• Problem to work on
Here are the records. Write out exactly the lines between the one holding "Building Exterior Wall" and the one holding "ゴールデンスカイス – ケンゲージ抽象芸術アート ポスター (正面)", inclusive.

▬▬▬▬▬▬▬▬▬▬

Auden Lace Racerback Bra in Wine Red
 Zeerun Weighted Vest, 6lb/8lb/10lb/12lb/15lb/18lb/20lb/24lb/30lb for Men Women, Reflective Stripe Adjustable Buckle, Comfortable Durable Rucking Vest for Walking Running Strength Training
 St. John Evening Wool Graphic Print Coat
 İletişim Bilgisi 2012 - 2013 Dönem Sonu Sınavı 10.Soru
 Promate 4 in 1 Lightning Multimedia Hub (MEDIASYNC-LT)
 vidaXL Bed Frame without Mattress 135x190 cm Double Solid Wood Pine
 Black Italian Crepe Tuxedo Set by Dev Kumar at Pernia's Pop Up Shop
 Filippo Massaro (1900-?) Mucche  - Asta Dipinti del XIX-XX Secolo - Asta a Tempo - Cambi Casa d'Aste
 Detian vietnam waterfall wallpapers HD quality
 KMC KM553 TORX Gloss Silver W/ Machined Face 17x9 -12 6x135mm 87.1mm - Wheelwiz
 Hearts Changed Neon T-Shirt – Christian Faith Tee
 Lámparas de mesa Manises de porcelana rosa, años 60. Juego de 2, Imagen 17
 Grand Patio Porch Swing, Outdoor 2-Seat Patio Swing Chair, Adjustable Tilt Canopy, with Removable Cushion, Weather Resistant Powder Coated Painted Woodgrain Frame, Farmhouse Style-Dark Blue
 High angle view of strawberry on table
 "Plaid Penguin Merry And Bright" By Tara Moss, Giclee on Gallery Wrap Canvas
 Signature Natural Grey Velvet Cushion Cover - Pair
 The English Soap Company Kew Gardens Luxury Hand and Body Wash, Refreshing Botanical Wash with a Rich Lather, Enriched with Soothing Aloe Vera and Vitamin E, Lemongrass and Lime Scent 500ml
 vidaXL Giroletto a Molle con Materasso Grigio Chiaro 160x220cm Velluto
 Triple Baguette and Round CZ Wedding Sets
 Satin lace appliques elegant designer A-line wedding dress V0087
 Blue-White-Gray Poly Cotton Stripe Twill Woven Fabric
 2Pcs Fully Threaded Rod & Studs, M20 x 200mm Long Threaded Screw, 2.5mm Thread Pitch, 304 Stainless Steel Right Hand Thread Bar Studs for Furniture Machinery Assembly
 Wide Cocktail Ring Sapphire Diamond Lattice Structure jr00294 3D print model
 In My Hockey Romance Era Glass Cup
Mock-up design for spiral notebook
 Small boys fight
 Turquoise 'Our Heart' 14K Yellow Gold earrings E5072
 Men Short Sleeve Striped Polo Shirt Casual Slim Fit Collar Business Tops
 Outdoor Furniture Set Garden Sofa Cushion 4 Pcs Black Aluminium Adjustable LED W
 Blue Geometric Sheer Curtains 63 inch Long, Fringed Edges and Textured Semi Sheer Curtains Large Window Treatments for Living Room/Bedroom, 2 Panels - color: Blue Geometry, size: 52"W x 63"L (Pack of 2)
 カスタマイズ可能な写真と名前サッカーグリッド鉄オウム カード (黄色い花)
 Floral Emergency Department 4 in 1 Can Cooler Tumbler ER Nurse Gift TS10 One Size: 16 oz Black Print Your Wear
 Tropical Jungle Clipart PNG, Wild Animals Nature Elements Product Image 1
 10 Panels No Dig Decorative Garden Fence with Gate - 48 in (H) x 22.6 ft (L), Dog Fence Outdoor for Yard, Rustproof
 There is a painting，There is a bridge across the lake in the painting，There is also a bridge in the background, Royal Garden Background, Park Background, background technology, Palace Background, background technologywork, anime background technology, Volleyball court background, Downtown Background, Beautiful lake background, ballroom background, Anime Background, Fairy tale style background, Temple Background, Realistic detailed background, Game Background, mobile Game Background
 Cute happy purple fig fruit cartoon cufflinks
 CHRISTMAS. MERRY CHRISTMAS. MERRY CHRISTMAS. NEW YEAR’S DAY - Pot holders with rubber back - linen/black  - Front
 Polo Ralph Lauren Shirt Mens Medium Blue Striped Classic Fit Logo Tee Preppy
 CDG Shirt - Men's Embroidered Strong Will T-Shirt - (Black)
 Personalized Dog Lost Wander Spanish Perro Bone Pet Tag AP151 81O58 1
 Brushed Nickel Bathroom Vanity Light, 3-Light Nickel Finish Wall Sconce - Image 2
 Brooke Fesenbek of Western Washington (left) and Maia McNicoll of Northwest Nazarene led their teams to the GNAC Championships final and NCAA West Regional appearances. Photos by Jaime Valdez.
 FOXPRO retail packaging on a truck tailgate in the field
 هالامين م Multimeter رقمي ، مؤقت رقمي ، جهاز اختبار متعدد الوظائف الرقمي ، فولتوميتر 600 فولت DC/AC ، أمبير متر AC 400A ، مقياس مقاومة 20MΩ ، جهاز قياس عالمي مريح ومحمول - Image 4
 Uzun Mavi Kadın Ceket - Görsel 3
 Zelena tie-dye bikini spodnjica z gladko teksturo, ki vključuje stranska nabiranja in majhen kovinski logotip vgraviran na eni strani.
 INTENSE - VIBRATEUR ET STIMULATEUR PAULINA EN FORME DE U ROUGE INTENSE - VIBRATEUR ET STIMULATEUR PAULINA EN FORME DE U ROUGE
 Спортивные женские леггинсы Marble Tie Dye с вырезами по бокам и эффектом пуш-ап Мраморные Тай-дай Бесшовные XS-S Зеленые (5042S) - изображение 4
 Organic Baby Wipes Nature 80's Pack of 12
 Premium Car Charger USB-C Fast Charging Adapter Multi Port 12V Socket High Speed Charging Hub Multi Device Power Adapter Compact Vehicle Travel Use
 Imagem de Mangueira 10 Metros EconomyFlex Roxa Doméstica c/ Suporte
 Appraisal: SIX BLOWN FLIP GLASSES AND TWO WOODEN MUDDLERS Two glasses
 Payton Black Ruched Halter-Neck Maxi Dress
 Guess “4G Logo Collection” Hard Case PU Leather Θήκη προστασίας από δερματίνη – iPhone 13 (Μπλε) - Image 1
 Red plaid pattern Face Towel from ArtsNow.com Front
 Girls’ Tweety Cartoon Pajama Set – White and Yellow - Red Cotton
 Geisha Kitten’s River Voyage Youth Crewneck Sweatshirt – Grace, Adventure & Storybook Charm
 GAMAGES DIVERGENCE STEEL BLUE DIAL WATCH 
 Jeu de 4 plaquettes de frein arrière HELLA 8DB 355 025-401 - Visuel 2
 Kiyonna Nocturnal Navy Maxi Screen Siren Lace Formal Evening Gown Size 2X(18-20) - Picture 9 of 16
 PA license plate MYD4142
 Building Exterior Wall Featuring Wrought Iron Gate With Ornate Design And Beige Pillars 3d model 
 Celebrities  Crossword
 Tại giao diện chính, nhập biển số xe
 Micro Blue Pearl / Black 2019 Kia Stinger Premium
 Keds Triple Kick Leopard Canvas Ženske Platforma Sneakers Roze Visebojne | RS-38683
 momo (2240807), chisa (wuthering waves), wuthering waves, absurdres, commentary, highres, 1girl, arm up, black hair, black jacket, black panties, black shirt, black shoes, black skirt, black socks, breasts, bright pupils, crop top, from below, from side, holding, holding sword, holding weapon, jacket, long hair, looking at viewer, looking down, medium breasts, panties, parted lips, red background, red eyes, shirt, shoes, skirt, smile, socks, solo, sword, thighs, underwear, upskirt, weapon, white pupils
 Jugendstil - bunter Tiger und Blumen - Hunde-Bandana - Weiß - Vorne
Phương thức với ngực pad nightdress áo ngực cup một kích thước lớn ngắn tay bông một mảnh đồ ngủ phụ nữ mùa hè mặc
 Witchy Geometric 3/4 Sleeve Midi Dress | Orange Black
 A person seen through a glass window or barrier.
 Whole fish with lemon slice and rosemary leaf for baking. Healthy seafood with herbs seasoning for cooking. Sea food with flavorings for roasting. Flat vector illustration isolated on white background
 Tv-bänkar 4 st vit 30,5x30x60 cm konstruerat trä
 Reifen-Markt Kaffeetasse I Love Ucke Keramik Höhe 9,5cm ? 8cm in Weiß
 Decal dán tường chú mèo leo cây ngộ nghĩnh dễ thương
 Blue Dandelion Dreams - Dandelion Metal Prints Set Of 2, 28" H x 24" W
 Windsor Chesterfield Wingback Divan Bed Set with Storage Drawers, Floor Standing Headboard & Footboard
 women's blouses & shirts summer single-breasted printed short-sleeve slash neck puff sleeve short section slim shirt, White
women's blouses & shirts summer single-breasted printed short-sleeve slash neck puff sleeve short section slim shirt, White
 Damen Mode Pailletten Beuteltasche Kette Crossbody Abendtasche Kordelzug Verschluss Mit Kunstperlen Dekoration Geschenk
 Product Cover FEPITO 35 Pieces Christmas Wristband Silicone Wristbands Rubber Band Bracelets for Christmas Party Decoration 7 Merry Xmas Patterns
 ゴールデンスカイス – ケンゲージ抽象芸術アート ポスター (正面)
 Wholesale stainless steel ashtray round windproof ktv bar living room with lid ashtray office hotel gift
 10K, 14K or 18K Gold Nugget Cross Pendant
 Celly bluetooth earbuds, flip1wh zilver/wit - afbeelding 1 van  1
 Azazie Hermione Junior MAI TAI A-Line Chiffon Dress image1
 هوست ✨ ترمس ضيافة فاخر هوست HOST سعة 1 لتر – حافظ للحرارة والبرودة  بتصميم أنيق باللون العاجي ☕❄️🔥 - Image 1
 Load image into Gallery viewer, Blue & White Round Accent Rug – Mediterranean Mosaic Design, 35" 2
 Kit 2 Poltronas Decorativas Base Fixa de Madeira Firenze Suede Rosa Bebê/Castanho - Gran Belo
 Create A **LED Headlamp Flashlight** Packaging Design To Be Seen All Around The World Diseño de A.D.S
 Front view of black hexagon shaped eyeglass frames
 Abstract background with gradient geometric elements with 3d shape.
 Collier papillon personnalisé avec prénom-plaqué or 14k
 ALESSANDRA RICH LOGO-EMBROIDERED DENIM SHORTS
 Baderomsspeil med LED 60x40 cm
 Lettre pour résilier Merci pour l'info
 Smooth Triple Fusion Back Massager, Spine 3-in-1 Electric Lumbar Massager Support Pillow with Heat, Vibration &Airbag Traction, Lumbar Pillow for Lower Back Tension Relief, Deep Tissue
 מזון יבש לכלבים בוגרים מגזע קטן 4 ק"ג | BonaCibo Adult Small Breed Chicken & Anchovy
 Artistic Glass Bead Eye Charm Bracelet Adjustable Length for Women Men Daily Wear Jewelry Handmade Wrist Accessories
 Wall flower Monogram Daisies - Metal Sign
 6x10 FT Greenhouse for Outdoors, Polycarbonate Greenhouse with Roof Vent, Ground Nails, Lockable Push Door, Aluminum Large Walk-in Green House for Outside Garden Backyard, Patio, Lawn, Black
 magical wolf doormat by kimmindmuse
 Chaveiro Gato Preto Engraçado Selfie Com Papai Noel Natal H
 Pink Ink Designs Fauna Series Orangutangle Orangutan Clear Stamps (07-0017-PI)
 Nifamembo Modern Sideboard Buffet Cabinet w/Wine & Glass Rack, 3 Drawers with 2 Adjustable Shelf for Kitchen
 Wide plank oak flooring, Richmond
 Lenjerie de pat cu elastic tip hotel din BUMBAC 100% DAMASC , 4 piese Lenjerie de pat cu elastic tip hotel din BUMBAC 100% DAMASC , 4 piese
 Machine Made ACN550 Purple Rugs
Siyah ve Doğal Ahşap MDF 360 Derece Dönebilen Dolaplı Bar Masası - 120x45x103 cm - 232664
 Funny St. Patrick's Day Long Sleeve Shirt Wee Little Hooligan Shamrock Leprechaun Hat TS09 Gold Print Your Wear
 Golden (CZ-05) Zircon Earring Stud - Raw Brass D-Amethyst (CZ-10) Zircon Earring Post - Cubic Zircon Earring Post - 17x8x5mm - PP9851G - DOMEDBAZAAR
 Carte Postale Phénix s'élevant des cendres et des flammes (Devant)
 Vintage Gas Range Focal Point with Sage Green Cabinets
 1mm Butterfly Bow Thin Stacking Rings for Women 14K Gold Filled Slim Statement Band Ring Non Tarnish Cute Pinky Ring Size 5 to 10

▬▬▬▬▬▬▬▬▬▬

• Response to this exercise
 Building Exterior Wall Featuring Wrought Iron Gate With Ornate Design And Beige Pillars 3d model 
 Celebrities  Crossword
 Tại giao diện chính, nhập biển số xe
 Micro Blue Pearl / Black 2019 Kia Stinger Premium
 Keds Triple Kick Leopard Canvas Ženske Platforma Sneakers Roze Visebojne | RS-38683
 momo (2240807), chisa (wuthering waves), wuthering waves, absurdres, commentary, highres, 1girl, arm up, black hair, black jacket, black panties, black shirt, black shoes, black skirt, black socks, breasts, bright pupils, crop top, from below, from side, holding, holding sword, holding weapon, jacket, long hair, looking at viewer, looking down, medium breasts, panties, parted lips, red background, red eyes, shirt, shoes, skirt, smile, socks, solo, sword, thighs, underwear, upskirt, weapon, white pupils
 Jugendstil - bunter Tiger und Blumen - Hunde-Bandana - Weiß - Vorne
Phương thức với ngực pad nightdress áo ngực cup một kích thước lớn ngắn tay bông một mảnh đồ ngủ phụ nữ mùa hè mặc
 Witchy Geometric 3/4 Sleeve Midi Dress | Orange Black
 A person seen through a glass window or barrier.
 Whole fish with lemon slice and rosemary leaf for baking. Healthy seafood with herbs seasoning for cooking. Sea food with flavorings for roasting. Flat vector illustration isolated on white background
 Tv-bänkar 4 st vit 30,5x30x60 cm konstruerat trä
 Reifen-Markt Kaffeetasse I Love Ucke Keramik Höhe 9,5cm ? 8cm in Weiß
 Decal dán tường chú mèo leo cây ngộ nghĩnh dễ thương
 Blue Dandelion Dreams - Dandelion Metal Prints Set Of 2, 28" H x 24" W
 Windsor Chesterfield Wingback Divan Bed Set with Storage Drawers, Floor Standing Headboard & Footboard
 women's blouses & shirts summer single-breasted printed short-sleeve slash neck puff sleeve short section slim shirt, White
women's blouses & shirts summer single-breasted printed short-sleeve slash neck puff sleeve short section slim shirt, White
 Damen Mode Pailletten Beuteltasche Kette Crossbody Abendtasche Kordelzug Verschluss Mit Kunstperlen Dekoration Geschenk
 Product Cover FEPITO 35 Pieces Christmas Wristband Silicone Wristbands Rubber Band Bracelets for Christmas Party Decoration 7 Merry Xmas Patterns
 ゴールデンスカイス – ケンゲージ抽象芸術アート ポスター (正面)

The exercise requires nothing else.